Tattoo Artist Testifies
The smoking gun in this case, at least for jurors, was apparently testimony by Walter “Buddy” Szymoniak, a tattoo artist and occasional sculptor who helped Brandi come up with the design for the skull-shaped tequila bottles. Szymoniak testified before the jury that Brandi was not happy with the original skull design he came up with and gave him one of the Crystal Head’s glass skull-shaped bottles to make a cast of.

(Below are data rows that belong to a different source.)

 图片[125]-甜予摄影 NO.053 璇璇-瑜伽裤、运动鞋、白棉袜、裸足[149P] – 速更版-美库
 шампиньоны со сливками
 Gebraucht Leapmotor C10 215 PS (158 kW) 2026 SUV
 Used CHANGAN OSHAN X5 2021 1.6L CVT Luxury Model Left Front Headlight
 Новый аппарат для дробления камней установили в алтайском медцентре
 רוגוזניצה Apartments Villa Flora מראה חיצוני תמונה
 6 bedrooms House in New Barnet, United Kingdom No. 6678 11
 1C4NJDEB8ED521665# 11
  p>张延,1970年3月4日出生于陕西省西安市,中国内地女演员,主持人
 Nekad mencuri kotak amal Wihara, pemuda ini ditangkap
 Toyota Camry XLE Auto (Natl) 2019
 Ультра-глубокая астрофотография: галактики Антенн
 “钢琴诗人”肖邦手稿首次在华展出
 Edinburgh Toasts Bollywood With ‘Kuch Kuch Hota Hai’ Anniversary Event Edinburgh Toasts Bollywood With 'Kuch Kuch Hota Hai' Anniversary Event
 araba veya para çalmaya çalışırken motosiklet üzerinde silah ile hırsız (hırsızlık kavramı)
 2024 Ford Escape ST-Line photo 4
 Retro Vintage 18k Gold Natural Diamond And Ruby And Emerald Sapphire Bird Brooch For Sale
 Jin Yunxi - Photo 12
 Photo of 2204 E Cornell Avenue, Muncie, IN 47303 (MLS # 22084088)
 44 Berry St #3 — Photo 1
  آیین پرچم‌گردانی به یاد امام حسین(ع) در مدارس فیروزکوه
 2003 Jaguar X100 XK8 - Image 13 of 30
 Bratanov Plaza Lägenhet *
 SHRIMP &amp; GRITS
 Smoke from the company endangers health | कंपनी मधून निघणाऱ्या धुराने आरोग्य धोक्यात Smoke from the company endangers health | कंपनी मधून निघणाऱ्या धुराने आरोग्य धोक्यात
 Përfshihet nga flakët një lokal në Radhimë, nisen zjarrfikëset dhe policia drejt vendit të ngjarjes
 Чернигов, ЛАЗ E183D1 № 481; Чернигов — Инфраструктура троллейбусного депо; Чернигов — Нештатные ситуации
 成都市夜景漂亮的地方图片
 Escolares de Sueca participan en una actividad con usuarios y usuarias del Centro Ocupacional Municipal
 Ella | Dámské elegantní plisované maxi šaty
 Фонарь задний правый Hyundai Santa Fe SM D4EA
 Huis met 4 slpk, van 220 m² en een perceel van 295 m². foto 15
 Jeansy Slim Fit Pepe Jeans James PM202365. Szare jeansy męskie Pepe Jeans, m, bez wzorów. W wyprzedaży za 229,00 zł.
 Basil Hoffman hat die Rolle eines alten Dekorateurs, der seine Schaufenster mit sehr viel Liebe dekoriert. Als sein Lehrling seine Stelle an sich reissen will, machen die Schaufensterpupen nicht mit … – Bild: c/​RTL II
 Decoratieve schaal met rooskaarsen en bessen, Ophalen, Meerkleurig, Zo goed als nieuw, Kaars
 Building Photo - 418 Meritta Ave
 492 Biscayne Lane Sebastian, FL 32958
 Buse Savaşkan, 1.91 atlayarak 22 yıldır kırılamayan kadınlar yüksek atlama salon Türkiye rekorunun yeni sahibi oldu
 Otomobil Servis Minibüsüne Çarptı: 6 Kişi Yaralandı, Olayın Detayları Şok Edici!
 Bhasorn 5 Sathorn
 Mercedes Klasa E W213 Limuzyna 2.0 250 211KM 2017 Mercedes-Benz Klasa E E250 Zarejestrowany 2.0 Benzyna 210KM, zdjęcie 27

Szymoniak said he then used clay tools to modify that copy to produce a version, which Brandi eventually accepted. This testimony was a deathblow for Elements considering Brandi had previously testified that she had never seen the Crystal Head bottle. The judge in the case will now decide how much Elements will have to pay Globefill and injunctive relief in Globefill’s favor. In an interview, Ackroyd’s lawyer David Berg said that the actor was “so human and so good when on the stand, that the jurors really warmed to him.”
Trade Dress Infringement
Trade dress consists of those elements that are used to promote a product or service. This may include packaging, displays and even the configuration of the product. Trade dress can be registered with the U.S. Patent and Trademark Office and get protection from the federal courts. In order to receive the court’s protection, the trade dress must be unique or inherently distinctive and the alleged use should cause a likelihood of consumer confusion. This lawsuit is yet another piece of proof that the civil justice system works, whether it’s for the average Joe or for a celebrity like Dan Ackroyd.